Из дневников и записных книжек - [29]
В этом и цель этих записок — изучение, осмысление собственной, плохо изученной ранее жизни. Могут ли такие записки вообще иметь цель? Могут ли они принести пользу? Я сомневаюсь в этом. Какую имели цель и принесли пользу "Поэзия и правда" Гете, «Исповедь» Руссо, «Признания» Гейне, "Былое и думы" Герцена, "История моего современника" Короленко? К тому же все эти произведения, написанные искусно и довольно искренне, — еще не искусство, а полуфабрикат искусства. (Эту мысль надо развить.)
Они были интересны потому, что интересны были нам их авторы, выражавшие свое время наиболее ярко, почему они и были для нас интересны. Самое реальное время, прошедшее и не оставившее по себе письменных памятников, становится нереальным, перестает существовать. В этом — высшая реальность литературы. Литература — это та иголочка, которая пишет на пленке волнистую линию, отражающую идущую рядом мелодию. Если эту иголочку на минуту снять, то музыка не прекратится, она останется той же реальностью, она будет существовать, звуковые волны разной длины будут по-прежнему вырастать и сокращаться, но на пленке окажется тихий пробел, и музыка канет в вечность, — в великую яму, подобную той, в которую канули бесчисленные времена, не имевшие письменности.
Более того — не только времена, но и пространства.
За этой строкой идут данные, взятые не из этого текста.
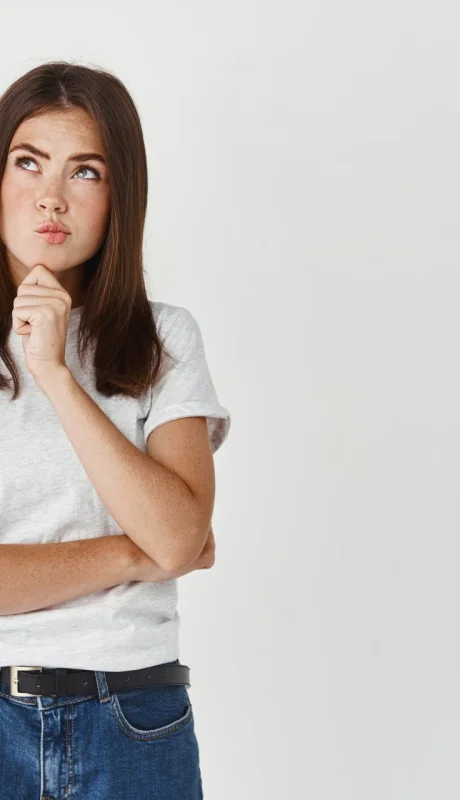 "Agarrarse la pera": el gesto que revela cómo funciona tu mente.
Ибо страны или области, реально существующие на карте и по сие время, но записанные только в конституциях и законоположениях, а не в произведениях литературы, являются как бы не существовавшими для человечества. С этой точки зрения Древняя Греция — гораздо большая реальность, чем Греция современная; Донская область, описанная Шолоховым в его романе, в сто раз реальнее, чем не менее реальный и в сто раз больший по размерам Красноярский край, а Смоленская область, благодаря поэзии Твардовского, — в сто раз реальнее соседней с ней Калужской, хотя вообще-то эта последняя ничуть не хуже первой.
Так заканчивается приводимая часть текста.